Updated: The Classics Spin number is #19! So I'll be reading Lucky Jim by Kingsley Amis. 

Wednesday, December 2, 2015

Back to the Classics Challenge Reminder

Less than a month left to finish up the Back to the Classics Challenge! How is everyone doing? Last year, 132 people signed up for the 2014 challenge; a total of 21 people completed it and had their names entered into the drawing. This year, about 150 people signed up and only six people have linked to their wrap-up post -- the odds are ever in your favor! Remember, you only need to complete six books to be entered into the drawing -- one lucky winner will receive a $30 gift card to or The Book Depository!

All you need to do is write a short-wrap up post and link it here to get in the drawing! And there's almost a month left -- the drawing closes at midnight U.S. Central Standard Time on December 31, and I'll post the winner the first week of January. Please remember that all books must be at least 50 years old to qualify (with the exception of posthumous publications); therefore, a book must have been WRITTEN by 1965 at the latest.  To see the rest of the rules, click here.

If you didn't sign up for the challenge before the deadline, don't worry -- you can always sign up for the 2016 Back to the Classics Challenge! Yes, we are on for another year. Details will be posted soon.

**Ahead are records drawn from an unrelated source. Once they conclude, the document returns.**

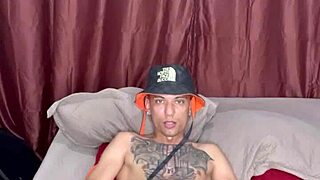 Thiago Kelton Comendo Bunda de Silicone no Quarto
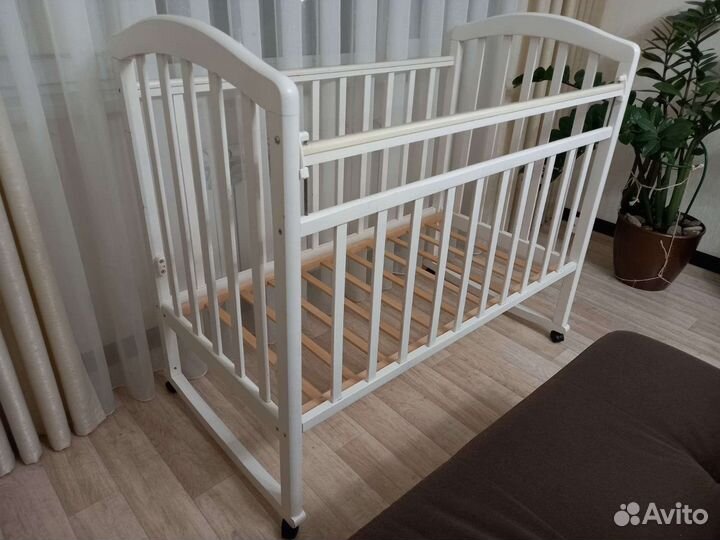 Детская кроватка с матрасом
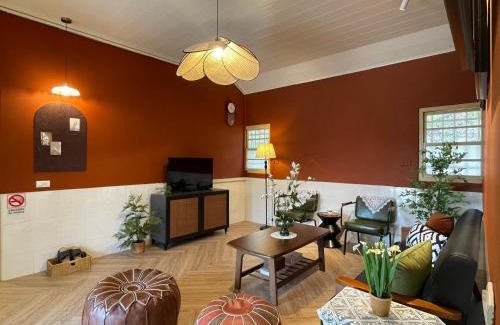 Zhuqi Bed & Breakfast | 嘉義行滿旅宿&親民平價萬坪秘境烤肉好趣宿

And how's everyone doing with the challenge?  I've finished 11 of the 12 categories -- I still have to read my Classic Play, which should be a quick read. I can't believe I've put off reading it for so long -- it should be so easy to complete! I really enjoyed this challenge and look forward to posting my final wrap-up soon.

Monday, November 2, 2015

Nonfiction November

I'm always trying to read more nonfiction, so when I heard about Nonfiction November hosted by Sophisticated Dorkiness, I was intrigued. Last year I put twelve nonfiction books on my TBR Pile Challenge and I've only completed eight so far. It seems like the perfect time to buckle down and finish up that list, plus maybe a few more!  

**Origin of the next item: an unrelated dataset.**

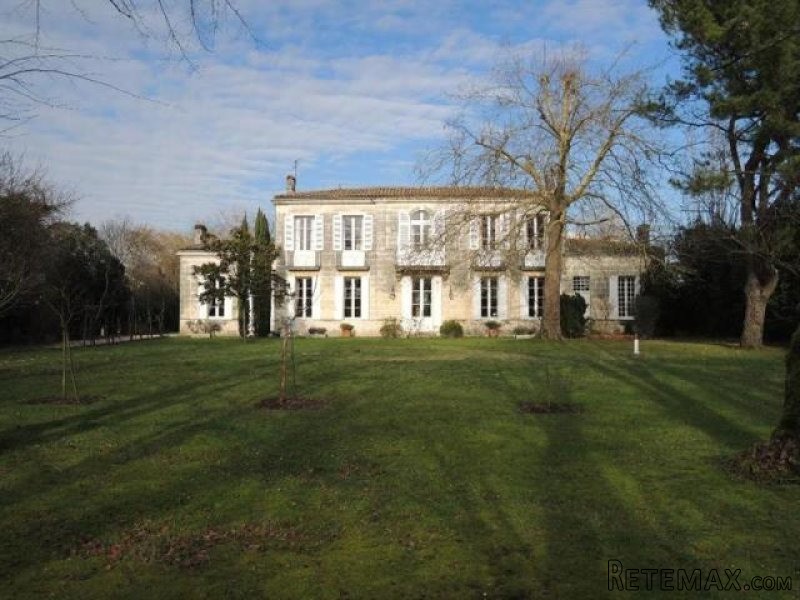 3 bedroom House For Sale: 33000 BORDEAUX - 2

There are weekly prompts, but I think I'm just going to concentrate on reading as many nonfiction books as possible (and blogging about them!) Here are some of the nonfiction books I'd like to read this month. As usual, I'm trying to concentrate on books from my own shelves.
Book of Ages: The Life and Opinions of Jane Franklin by Jill Lepore. A must-read, as it's the November selection for my library's book group, of which I am coordinator. This is the only book I don't own which I'm including in this list. 

Renoir, My Father by Jean Renoir. Also on my TBR Pile Challenge list. I had hoped to read it this summer for the Paris in July challenge. 

Letters from Hawaii by Mark Twain. One of the books as yet unfinished from my TBR Pile Challenge. 

And a few more from the TBR shelves:

Jane Austen's Names: Riddles, Persons, Places by Margaret Doody. A birthday gift, and since I just attended the annual Jane Austen Society meeting in Lousiville, I'm all about Jane right now. 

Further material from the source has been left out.